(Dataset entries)
────────

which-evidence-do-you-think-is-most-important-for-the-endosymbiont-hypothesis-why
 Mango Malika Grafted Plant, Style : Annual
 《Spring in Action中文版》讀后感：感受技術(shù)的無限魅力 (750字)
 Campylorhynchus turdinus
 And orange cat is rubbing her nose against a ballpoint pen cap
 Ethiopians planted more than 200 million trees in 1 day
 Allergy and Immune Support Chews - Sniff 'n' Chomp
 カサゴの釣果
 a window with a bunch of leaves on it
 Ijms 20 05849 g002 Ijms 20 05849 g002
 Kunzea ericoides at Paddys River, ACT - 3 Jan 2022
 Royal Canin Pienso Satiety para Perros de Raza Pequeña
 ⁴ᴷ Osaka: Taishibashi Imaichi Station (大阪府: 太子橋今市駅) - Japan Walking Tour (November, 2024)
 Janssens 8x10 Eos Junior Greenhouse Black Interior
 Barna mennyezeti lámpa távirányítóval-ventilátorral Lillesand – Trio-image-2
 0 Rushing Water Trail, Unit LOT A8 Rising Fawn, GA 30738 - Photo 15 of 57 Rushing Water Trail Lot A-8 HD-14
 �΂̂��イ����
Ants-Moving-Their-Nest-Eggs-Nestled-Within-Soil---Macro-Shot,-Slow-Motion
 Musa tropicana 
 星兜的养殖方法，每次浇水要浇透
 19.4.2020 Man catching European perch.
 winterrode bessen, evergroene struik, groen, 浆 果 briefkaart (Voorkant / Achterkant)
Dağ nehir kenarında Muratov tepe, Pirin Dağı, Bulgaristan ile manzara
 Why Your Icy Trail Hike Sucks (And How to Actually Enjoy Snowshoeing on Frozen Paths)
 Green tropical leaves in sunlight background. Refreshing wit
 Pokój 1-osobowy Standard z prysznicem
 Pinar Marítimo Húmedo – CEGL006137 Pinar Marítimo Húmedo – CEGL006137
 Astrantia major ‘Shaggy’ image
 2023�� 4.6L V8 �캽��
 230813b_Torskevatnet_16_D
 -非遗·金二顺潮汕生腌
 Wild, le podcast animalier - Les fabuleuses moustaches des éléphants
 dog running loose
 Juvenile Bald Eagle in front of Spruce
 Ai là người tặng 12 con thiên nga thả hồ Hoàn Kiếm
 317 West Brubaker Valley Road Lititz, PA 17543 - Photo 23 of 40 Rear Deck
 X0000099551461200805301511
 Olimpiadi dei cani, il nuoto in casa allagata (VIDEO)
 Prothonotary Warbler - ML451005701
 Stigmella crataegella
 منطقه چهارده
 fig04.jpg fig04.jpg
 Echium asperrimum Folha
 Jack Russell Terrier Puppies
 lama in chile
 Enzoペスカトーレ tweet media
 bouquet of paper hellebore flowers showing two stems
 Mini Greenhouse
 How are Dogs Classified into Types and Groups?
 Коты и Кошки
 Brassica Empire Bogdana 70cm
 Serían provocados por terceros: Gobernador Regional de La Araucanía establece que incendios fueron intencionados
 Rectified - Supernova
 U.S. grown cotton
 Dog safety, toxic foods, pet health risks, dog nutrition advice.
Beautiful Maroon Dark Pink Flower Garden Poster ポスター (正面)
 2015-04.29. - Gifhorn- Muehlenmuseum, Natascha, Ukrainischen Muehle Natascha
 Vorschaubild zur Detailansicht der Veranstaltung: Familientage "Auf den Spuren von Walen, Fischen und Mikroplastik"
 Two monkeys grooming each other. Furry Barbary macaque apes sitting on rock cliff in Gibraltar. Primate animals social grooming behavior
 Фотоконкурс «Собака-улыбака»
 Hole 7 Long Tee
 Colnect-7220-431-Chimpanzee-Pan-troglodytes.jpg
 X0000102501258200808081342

────────

== ACTIVITY ==
Output only the lines running from the line with "Olimpiadi dei cani, il" through the final line of the data, inclusive.

== SOLUTION TO THE EXERCISE ==
 Olimpiadi dei cani, il nuoto in casa allagata (VIDEO)
 Prothonotary Warbler - ML451005701
 Stigmella crataegella
 منطقه چهارده
 fig04.jpg fig04.jpg
 Echium asperrimum Folha
 Jack Russell Terrier Puppies
 lama in chile
 Enzoペスカトーレ tweet media
 bouquet of paper hellebore flowers showing two stems
 Mini Greenhouse
 How are Dogs Classified into Types and Groups?
 Коты и Кошки
 Brassica Empire Bogdana 70cm
 Serían provocados por terceros: Gobernador Regional de La Araucanía establece que incendios fueron intencionados
 Rectified - Supernova
 U.S. grown cotton
 Dog safety, toxic foods, pet health risks, dog nutrition advice.
Beautiful Maroon Dark Pink Flower Garden Poster ポスター (正面)
 2015-04.29. - Gifhorn- Muehlenmuseum, Natascha, Ukrainischen Muehle Natascha
 Vorschaubild zur Detailansicht der Veranstaltung: Familientage "Auf den Spuren von Walen, Fischen und Mikroplastik"
 Two monkeys grooming each other. Furry Barbary macaque apes sitting on rock cliff in Gibraltar. Primate animals social grooming behavior
 Фотоконкурс «Собака-улыбака»
 Hole 7 Long Tee
 Colnect-7220-431-Chimpanzee-Pan-troglodytes.jpg
 X0000102501258200808081342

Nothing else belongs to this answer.